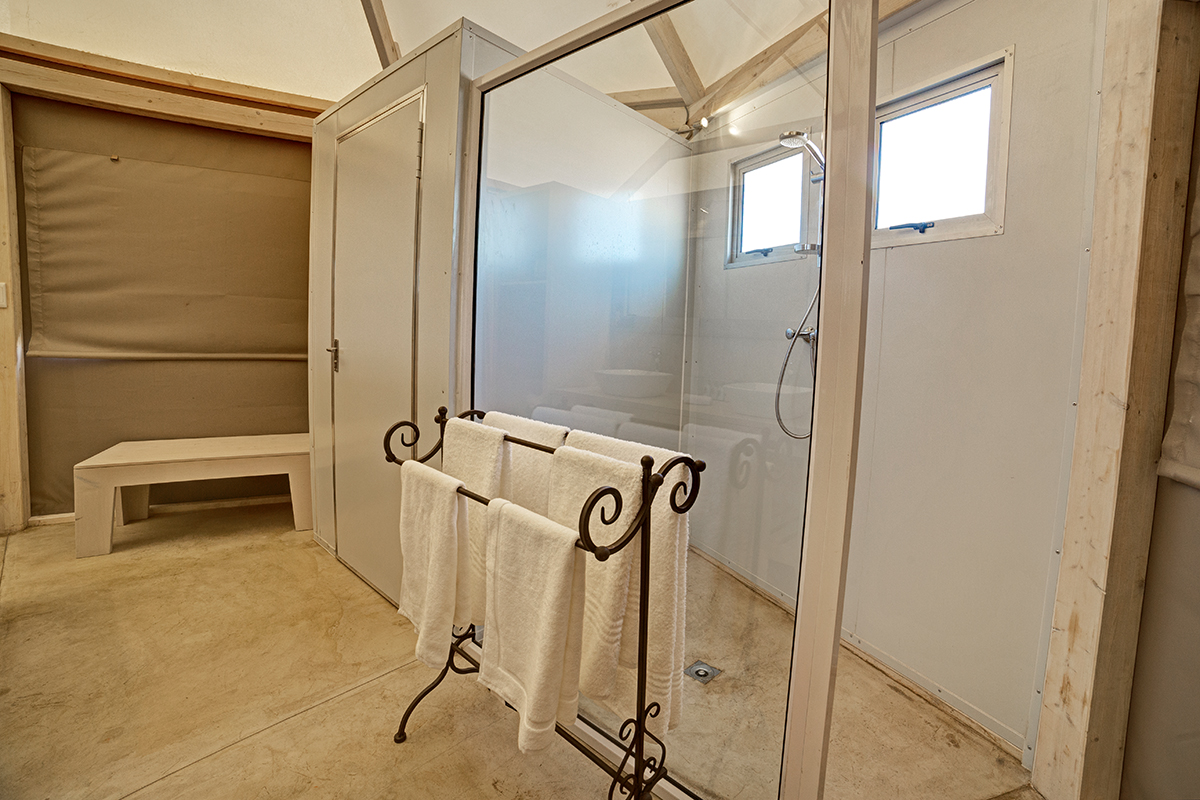 Desert Hills Glamping Camp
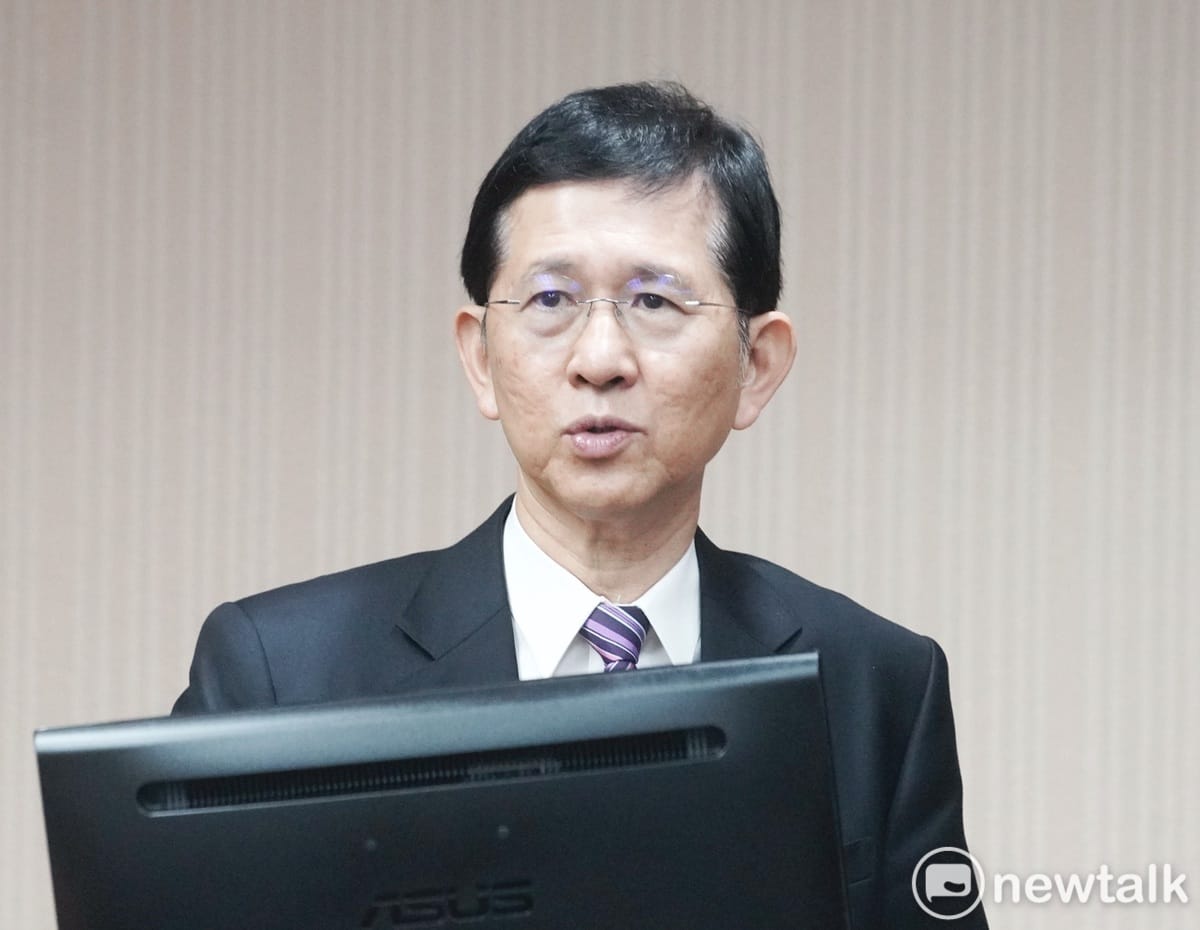中華電信公告，台馬第三海纜(15)日障礙後，第二海纜今凌晨再斷，數發部中午11點將說明事故。（圖為數位發展部部長黃彥明。） 圖：張良一/攝
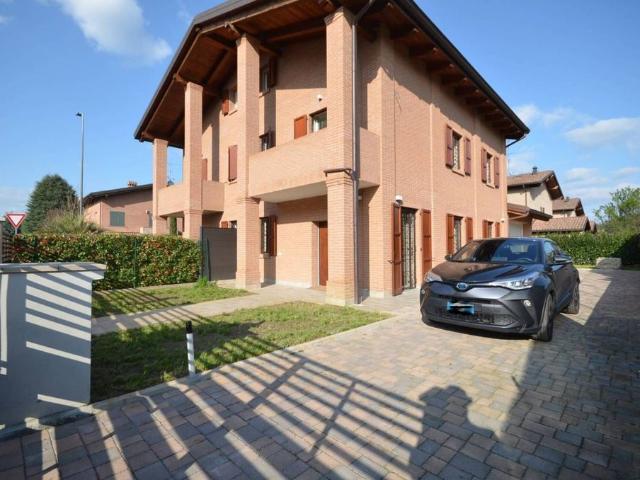 Villa Indipendente in vendita a Unione dei comuni Valli del Reno, Lavino e Samoggia, Pragatto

■ ■ ■ ■ ■

> **BRIEF**:
Images are to be left out; everything else in the material must be written out exactly.

> **SOLUTION FOR THIS PROBLEM**:
 Desert Hills Glamping Camp
中華電信公告，台馬第三海纜(15)日障礙後，第二海纜今凌晨再斷，數發部中午11點將說明事故。（圖為數位發展部部長黃彥明。） 圖：張良一/攝
 Villa Indipendente in vendita a Unione dei comuni Valli del Reno, Lavino e Samoggia, Pragatto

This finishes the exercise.